Here are 5 ways I keep the story more about about God, and less about me:

  1. I look at post history, is it a lot of pictures of me, or other stuff too? Point blank, I don't think it should always be me, not even 50% of the time, so I go out of my way to find other images.
  2. I ask someone who will be honest with me. Usually its my wife, Whitney, or another guy in my life I pick for their brutal honesty. I ask if what I'm posting is done in the right spirit.
  3. I consider the tone of the message. In 2 Corinthians 12:9 the Apostle Paul wrote that he boasts in his weakness, because when he is weak, Christ is strong. Am I writing about how great I am, or God? I try to do only the latter. 
  4. I do a Strategy Check. Is my online approach centered more on what the world says is necessary to be effective, or what I'm hearing from God in the Word and in prayer? 
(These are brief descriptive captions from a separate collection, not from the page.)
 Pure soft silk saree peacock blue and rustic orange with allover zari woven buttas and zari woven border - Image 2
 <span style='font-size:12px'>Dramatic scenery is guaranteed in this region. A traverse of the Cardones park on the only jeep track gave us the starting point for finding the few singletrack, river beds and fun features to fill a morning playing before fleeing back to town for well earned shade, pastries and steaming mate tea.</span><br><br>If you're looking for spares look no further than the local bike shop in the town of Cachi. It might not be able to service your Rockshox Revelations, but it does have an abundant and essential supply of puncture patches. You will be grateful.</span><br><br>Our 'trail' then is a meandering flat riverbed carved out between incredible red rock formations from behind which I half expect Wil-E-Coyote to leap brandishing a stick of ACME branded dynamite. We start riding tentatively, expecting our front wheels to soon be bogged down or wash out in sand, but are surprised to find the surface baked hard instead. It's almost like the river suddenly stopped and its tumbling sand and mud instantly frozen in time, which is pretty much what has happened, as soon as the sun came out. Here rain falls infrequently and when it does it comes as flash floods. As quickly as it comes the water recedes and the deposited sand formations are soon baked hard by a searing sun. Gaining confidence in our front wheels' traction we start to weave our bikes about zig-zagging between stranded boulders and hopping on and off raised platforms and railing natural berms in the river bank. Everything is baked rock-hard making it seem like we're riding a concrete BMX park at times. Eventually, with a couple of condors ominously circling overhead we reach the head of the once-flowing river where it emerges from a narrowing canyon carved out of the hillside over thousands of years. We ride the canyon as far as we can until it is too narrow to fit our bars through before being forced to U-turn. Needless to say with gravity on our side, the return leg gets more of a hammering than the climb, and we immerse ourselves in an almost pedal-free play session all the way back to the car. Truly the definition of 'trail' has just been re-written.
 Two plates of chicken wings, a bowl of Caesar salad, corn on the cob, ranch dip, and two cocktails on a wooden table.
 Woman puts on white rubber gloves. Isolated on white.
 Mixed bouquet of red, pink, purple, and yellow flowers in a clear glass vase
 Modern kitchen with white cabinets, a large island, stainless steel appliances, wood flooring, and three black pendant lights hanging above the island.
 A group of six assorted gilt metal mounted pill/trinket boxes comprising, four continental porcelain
  5. I pray. Often before a post that feels more "out there" for one reason or another, I'll pray and sometimes fast for a few days (or even months) before posting it. God has a way of using the Holy Spirit to self-correct. 

In closing, what's been very telling to me is that, consistently over the past few years, the posts that get the most interest and have the greatest spiritual fruits, by far, are those where I'm either making a fool of myself for Christ, or where I'm focused completely on someone or something other than me.